_Information shown_
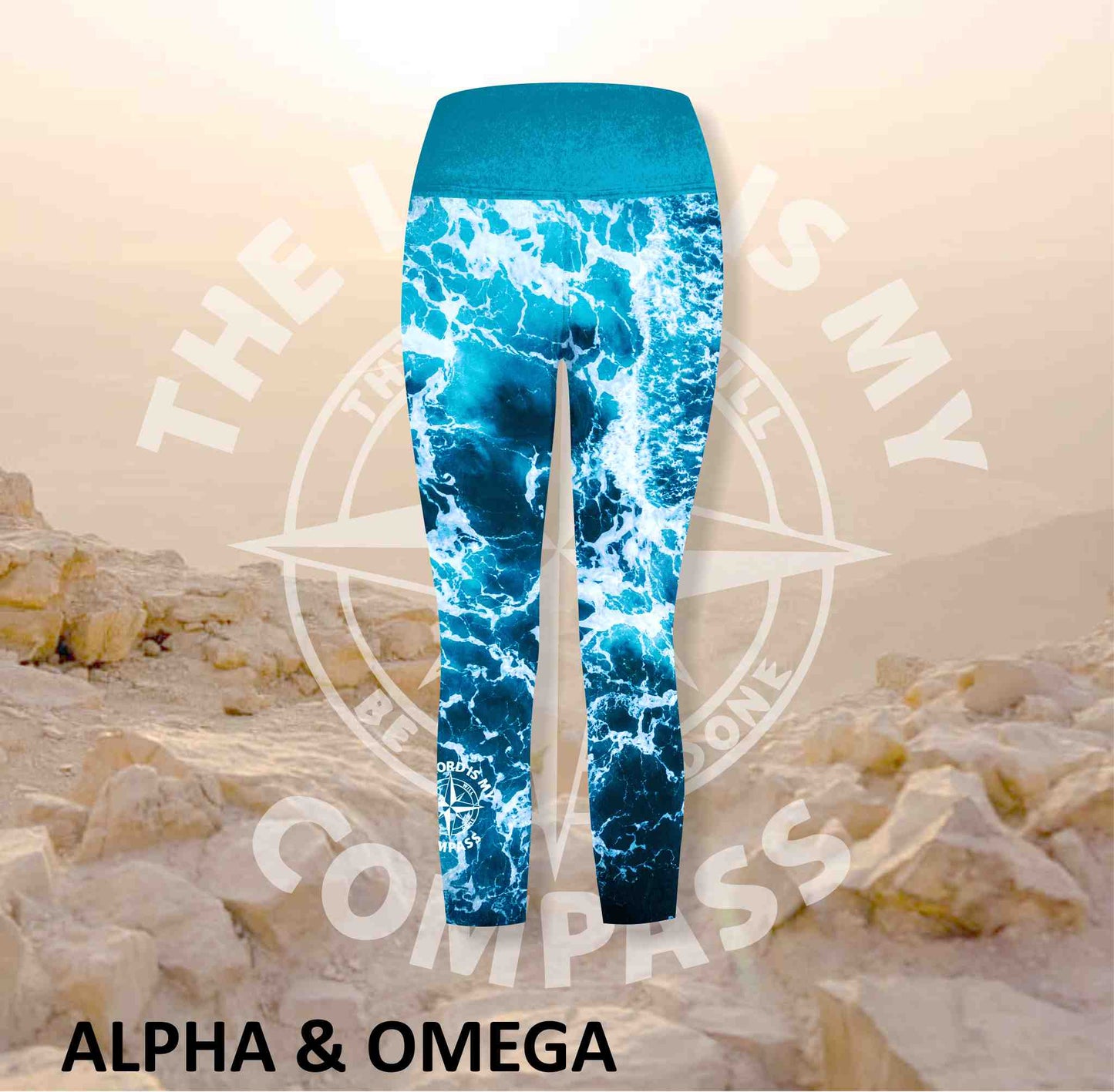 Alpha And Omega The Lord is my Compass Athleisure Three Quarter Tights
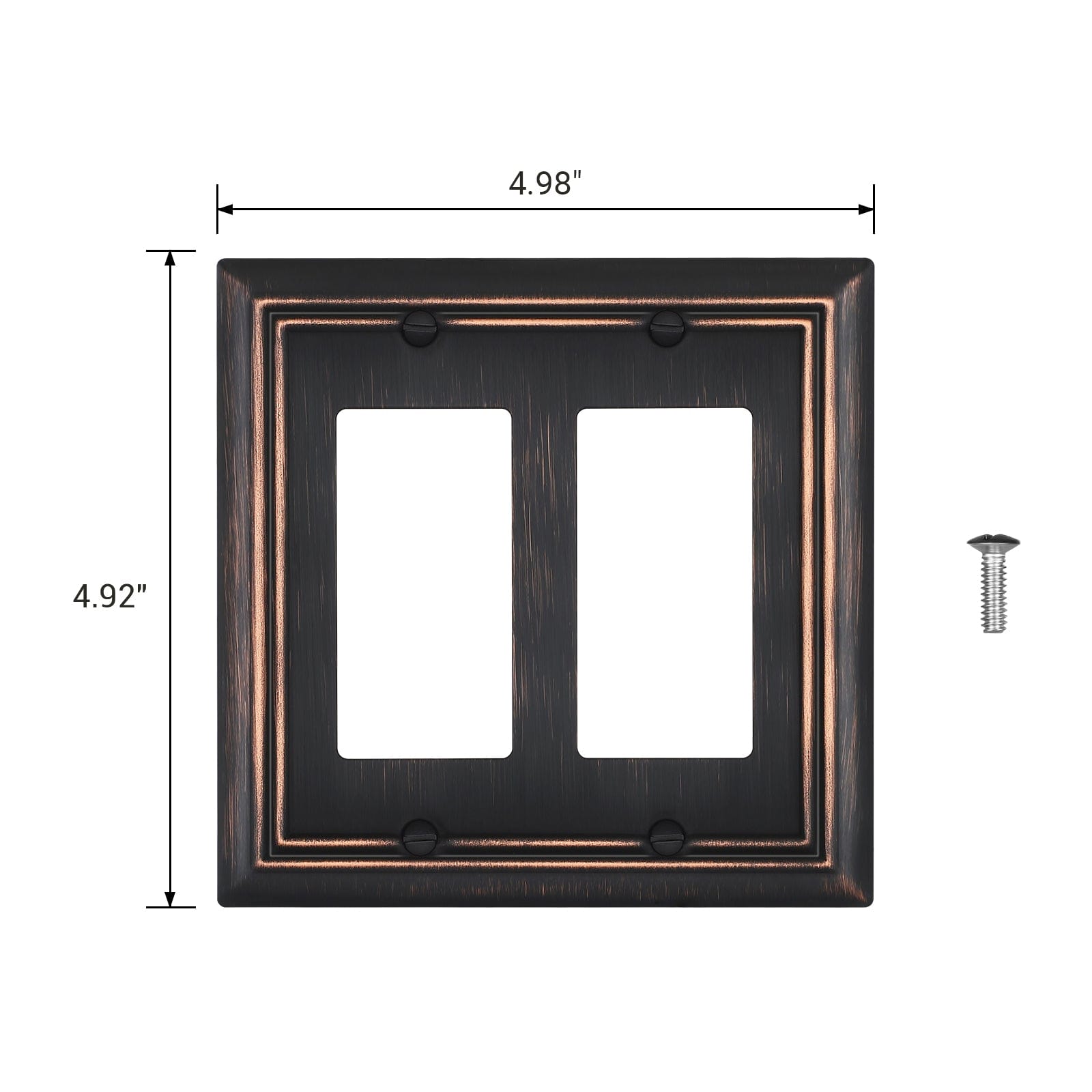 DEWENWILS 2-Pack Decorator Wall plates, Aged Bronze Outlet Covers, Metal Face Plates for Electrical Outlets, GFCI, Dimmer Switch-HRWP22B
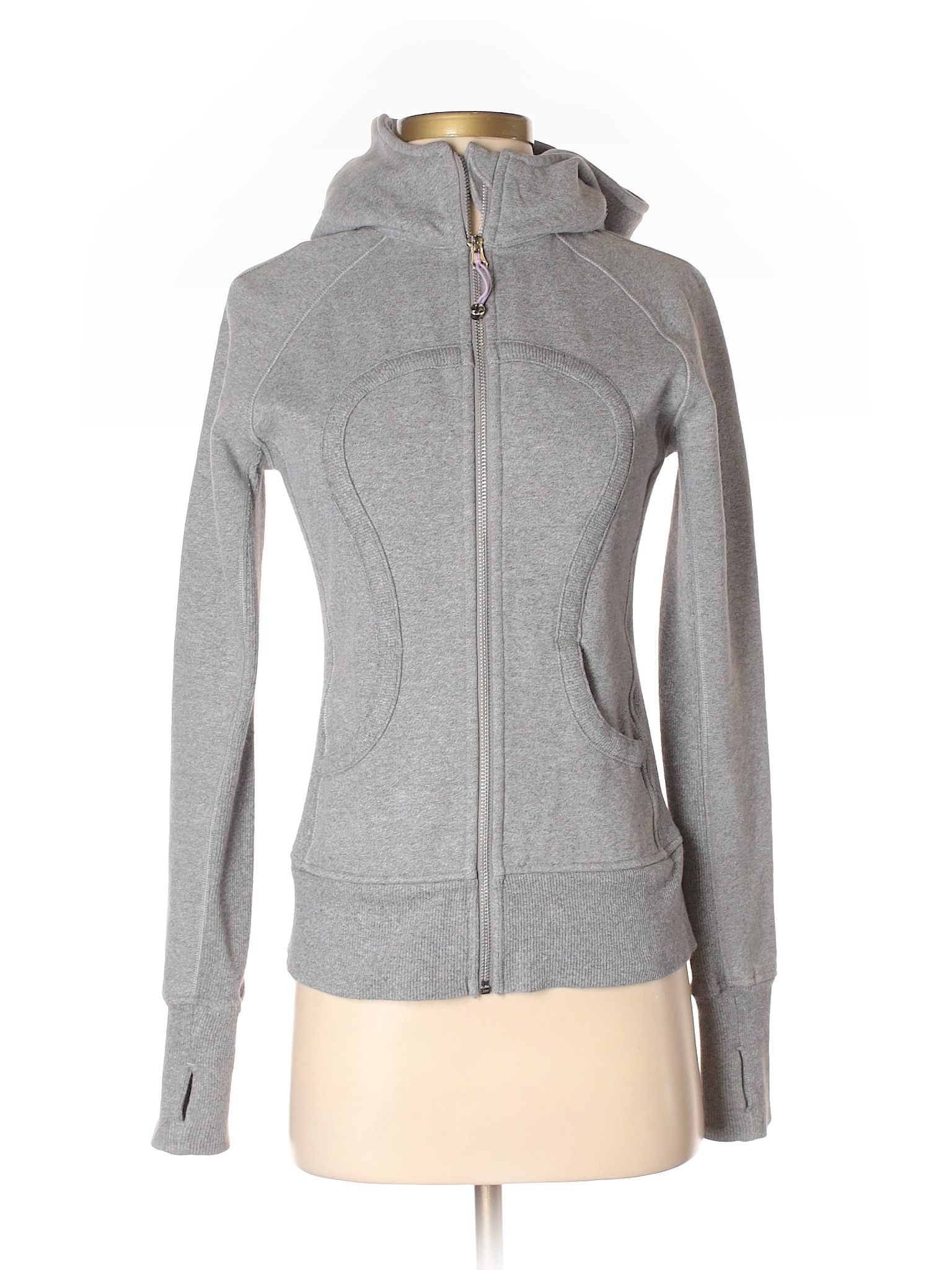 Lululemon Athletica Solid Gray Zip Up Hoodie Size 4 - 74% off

_Work task_
Everything in the listing, except its images, should be set down exactly.

_Output below_
 Alpha And Omega The Lord is my Compass Athleisure Three Quarter Tights
 DEWENWILS 2-Pack Decorator Wall plates, Aged Bronze Outlet Covers, Metal Face Plates for Electrical Outlets, GFCI, Dimmer Switch-HRWP22B
 Lululemon Athletica Solid Gray Zip Up Hoodie Size 4 - 74% off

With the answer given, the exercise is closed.